Action item: Reproduced exactly, the lines from the start of the material through the line containing "ambrotype of a" should be the whole answer, with pictures excluded.

Supplied material:
==================================================

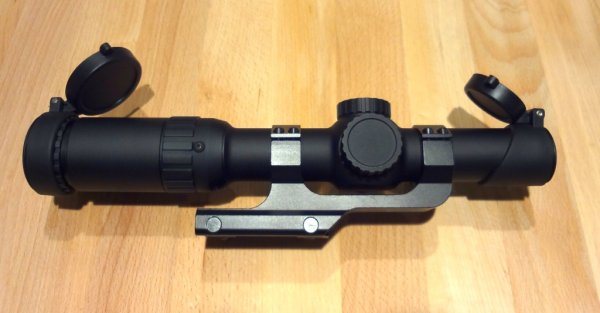Primary Arms 1-6X Scope on PA Deluxe mount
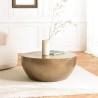 Antique gold round shell coffee table | Second-hand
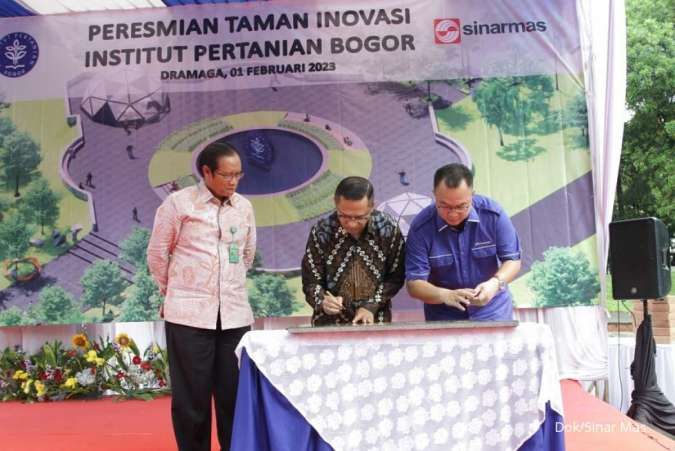 ​​​Peresmian Taman Plaza Inovasi IPB, Sinar Mas Dukung IPB Menjadi Green Campus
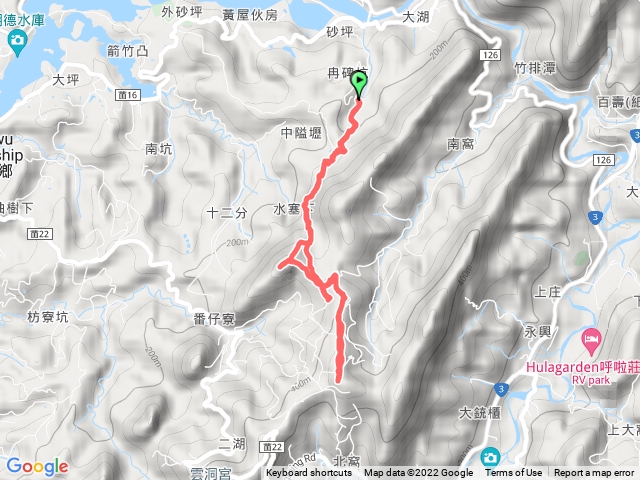 福州農場水寨下古道蕃子寮山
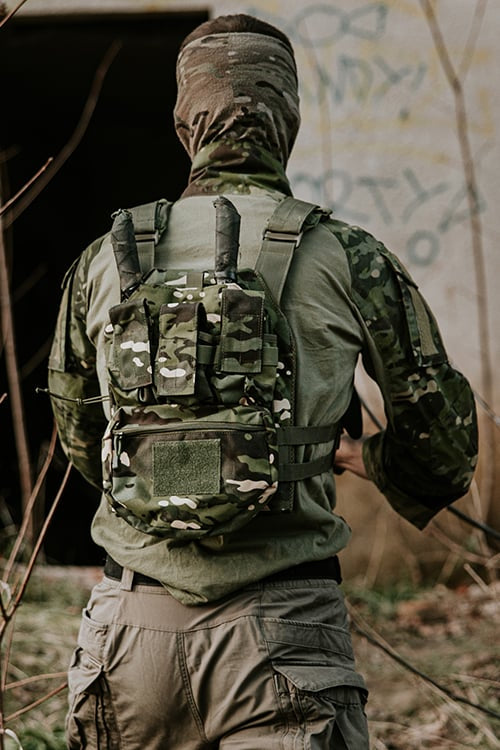 Assault Back Panel - MT di 8FIELDS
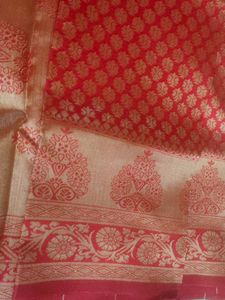 New Saree With Blouse Piece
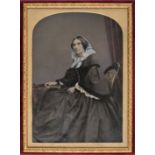 *Half-plate ambrotype of a seated lady by G. & D. Hay, Photographists, 68 Princes Street, Edinburgh,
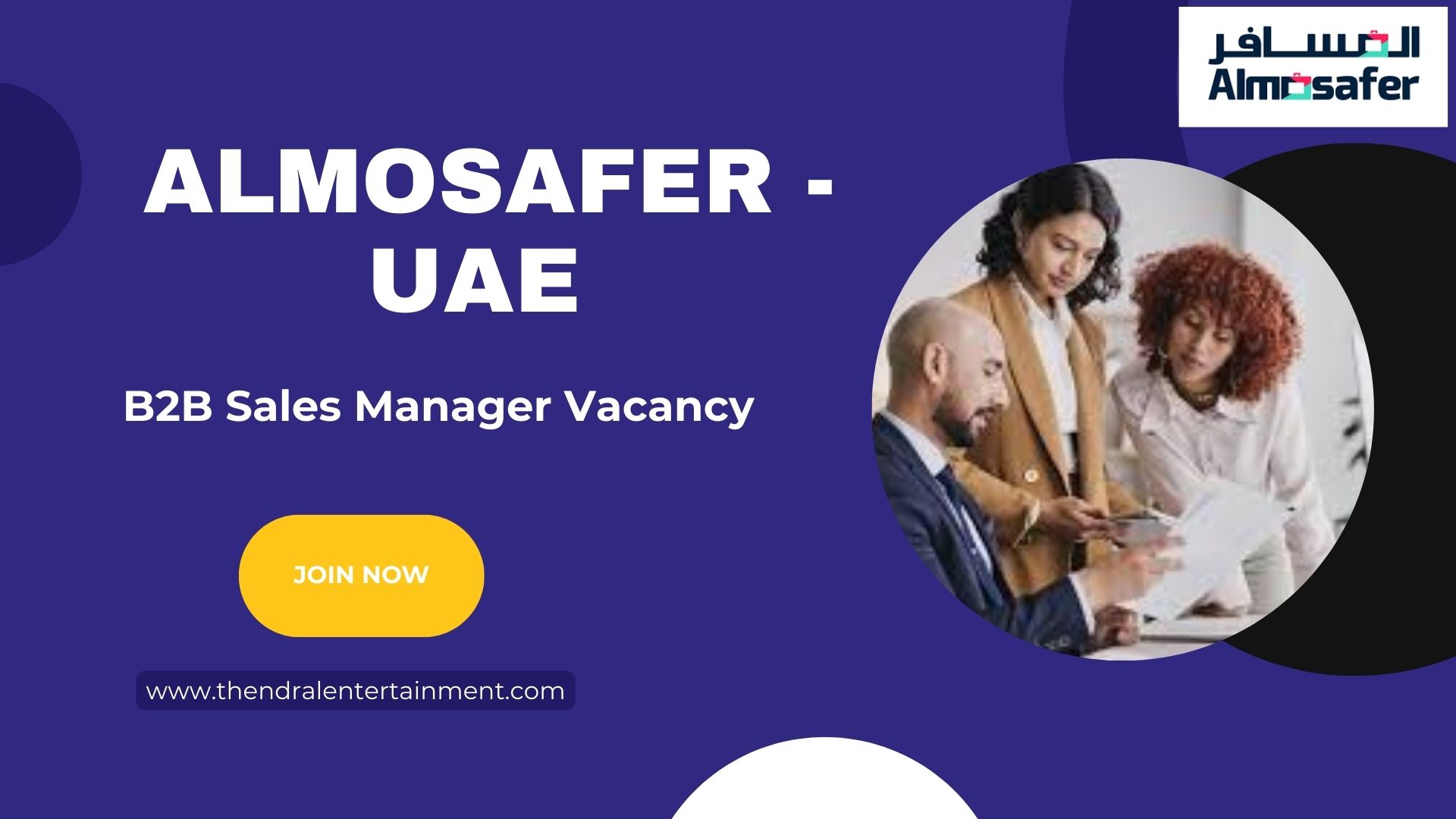 Almosafer B2B Sales Manager Vacancy in Saudi Arabia 2025 – Apply Immediately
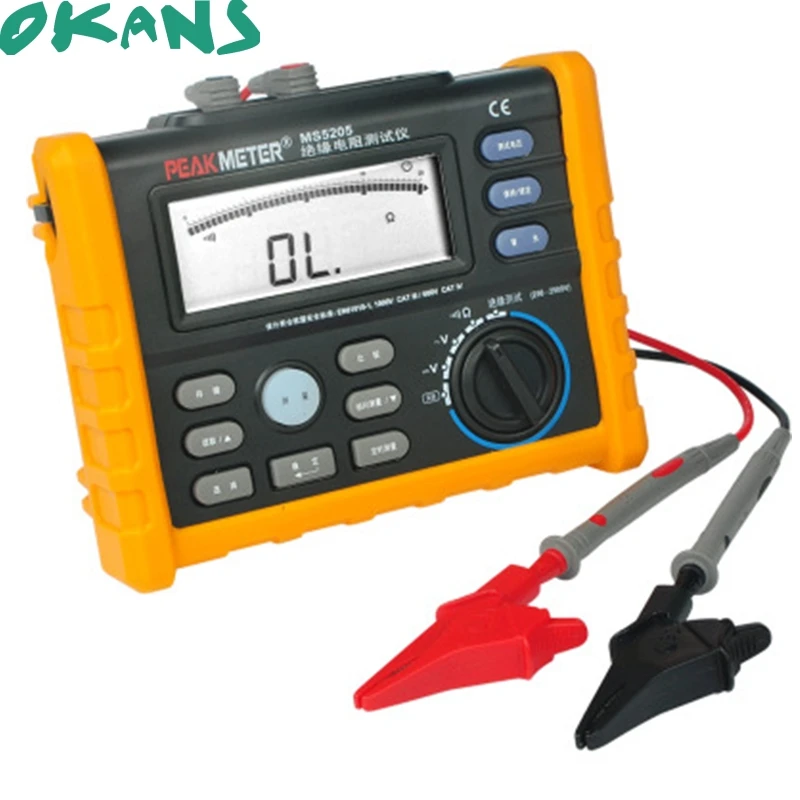 

Digital Insulation Resistance Tester Megger Meter 0.01~100G Ohm with Multimeter
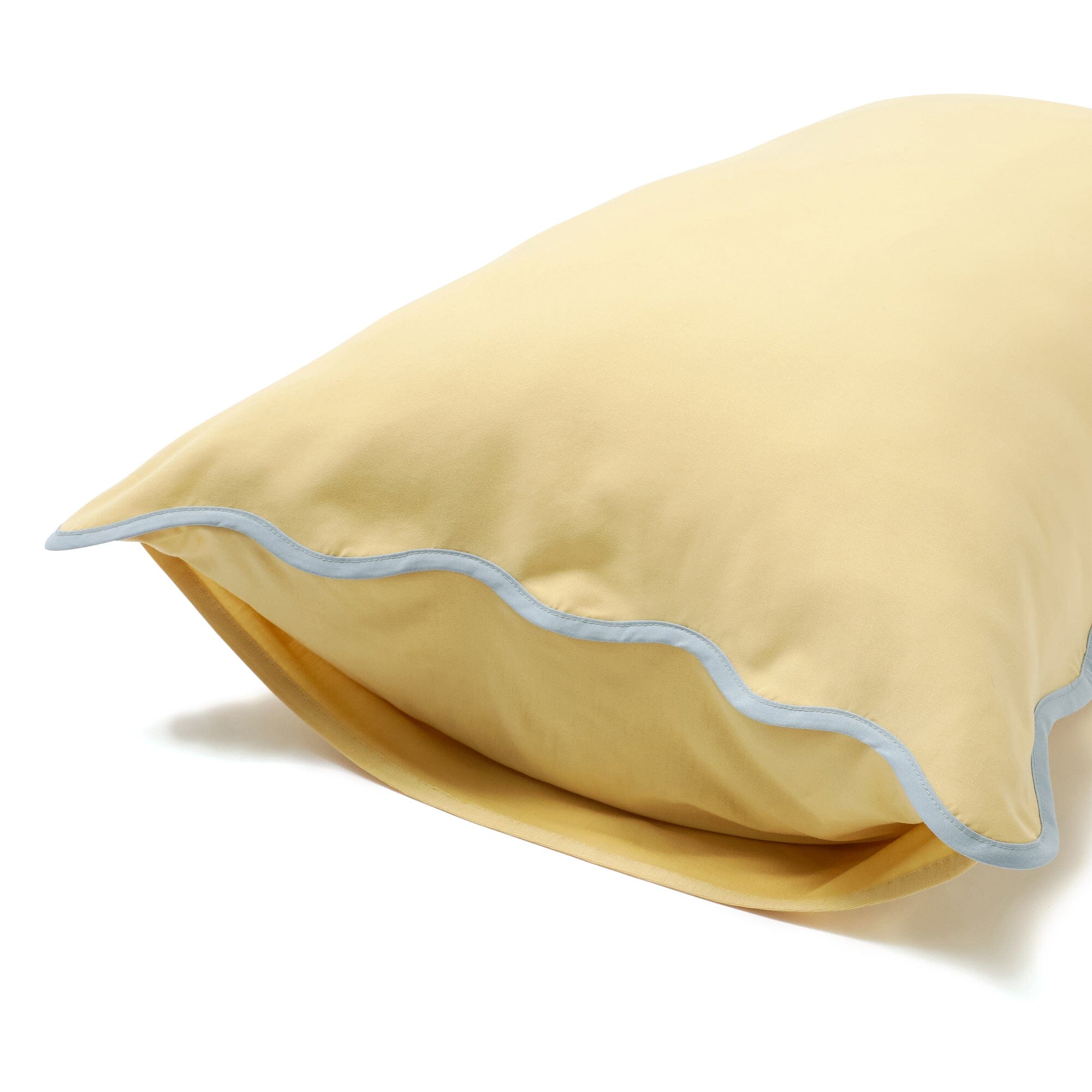 Fuwaro Cooling Pillow Cover Bicolor Wave 700 X 500 Yellow X Blue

==================================================

Response to the exercise:
Primary Arms 1-6X Scope on PA Deluxe mount
 Antique gold round shell coffee table | Second-hand
 ​​​Peresmian Taman Plaza Inovasi IPB, Sinar Mas Dukung IPB Menjadi Green Campus
 福州農場水寨下古道蕃子寮山
 Assault Back Panel - MT di 8FIELDS
 New Saree With Blouse Piece
 *Half-plate ambrotype of a seated lady by G. & D. Hay, Photographists, 68 Princes Street, Edinburgh,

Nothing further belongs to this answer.